Çevre ve Şehircilik İl Müdürü Mustafa Temel de Diyarbakır'ın kentsel dönüşüm açısından Çevre ve Şehircilik Bakanlığının pilot illerinden olduğunu, Dicle Vadisi Projesi'nin ise yaklaşık 20 yıldır ilin gündemindeki bir konu olduğunu belirtti.
Bu yıl projenin birinci etap uygulamasının Ongözlü Köprü ve Kırklar Dağı eteklerine kadar sınırlı kalacağını ancak genel imar projesinin bin 98 hektarlık Dicle Vadisini kapsadığını kaydeden Temel, Hevsel Bahçelerinin dışında Kırklar Dağını içine alan bir alandan söz ettiklerini söyledi.
Temel, Dicle Vadisinin yeşil alan için bulunmaz bir nimet olduğuna dikkati çekerek, şunları kaydetti:
"Rezerv alanının içinde yer aldığı için Kırklar Dağı ile ilgili, Çevre ve Şehircilik Bakanlığı inisiyatif kullanmayı düşünüyor. Süreç neyi getirir henüz bilmiyoruz. Uygulama projeleri bitme aşamasında. Birkaç hafta içinde Bakanlıktan bir heyet ilimize gelecek. Dicle Vadisi Projesi tamamen bir doğa parkı, yeşil alan çalışmasıdır. Herhangi bir konut, villa tarzı bile olsa bir yapı stoğu öngörmüyoruz. Kentin nefes alacağı bir yeşil alan oluşturacağız. Milyonlarca ağaç ekmeyi düşünüyoruz. Alanın rezerv alanı ilan edilmesiyle ilgili bir rahatsızlık var ancak 6306 sayılı Kentsel Dönüşüm Yasası, Afet Yasasıdır.

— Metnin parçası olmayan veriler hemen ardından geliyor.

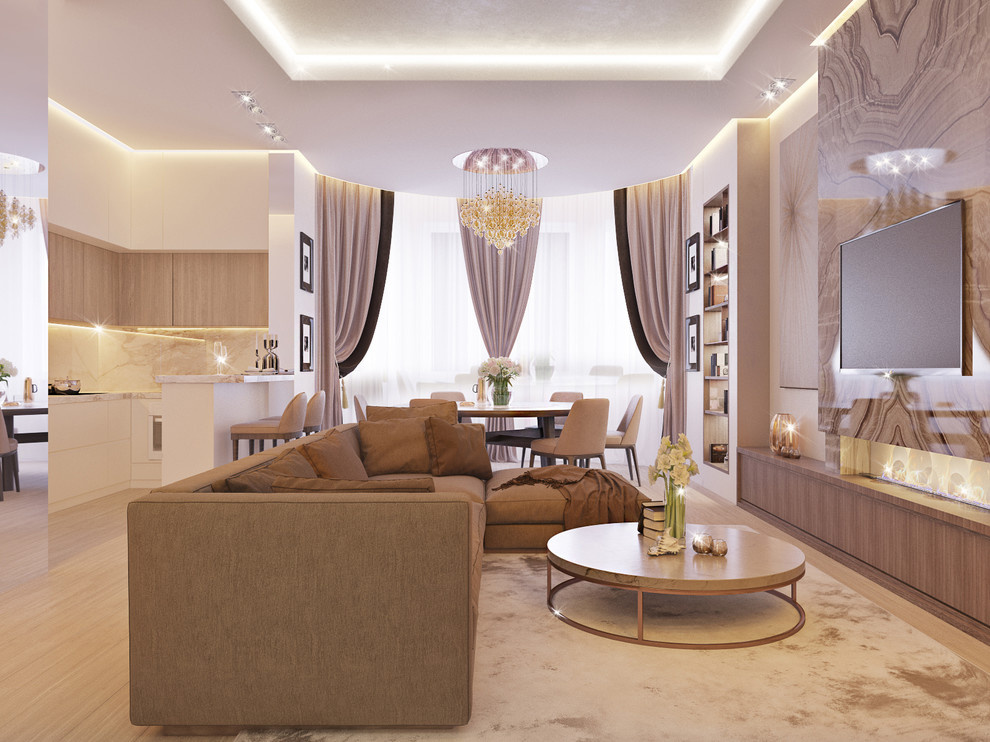 Дизайн кухни - гостиной в жк Royal House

Bu yasa bazı prosedürleri kolaylaştırmak adına, çalışmaları kolaylaştırmak için bu yasanın ilgili maddesinden istifade ederek rezerv yapı alanı ilan edildi. Bu kaygıları defalarca dile getirdik ancak söz konusu alanda Diyarbakır'ın nefes alacağı bir akciğer yaratacağız. Dicle Vadisinin başkalarına terk edildikçe bu hale geldiğini düşünüyoruz. Kırklar Dağının olduğu bölge, Bakanlığın ilk projesinde özgürlük meydanı olarak planlanmış, bir radyo istasyonu kurulması düşünülmüş ancak şu anda orada binalar yükseliyor. Bunları sorgulamak lazım. Gölet yapılması planlanan bölgede balık çiftlikleri var ki çiftlik olduğu tartışılır."
Basın açıklaması sırasında, Orman İşletme Şube Müdür vekili Ayhan Ziro, Doğa Koruma Milli Parklar Şube Müdürü Erdal Seven, Tıp Fakültesi Halk Sağlığı Anabilim Dalı Öğretim Üyesi Ali Ceylan ve İl Afet ve Acil Durum Müdürü Soner Tüter de hazır bulundu.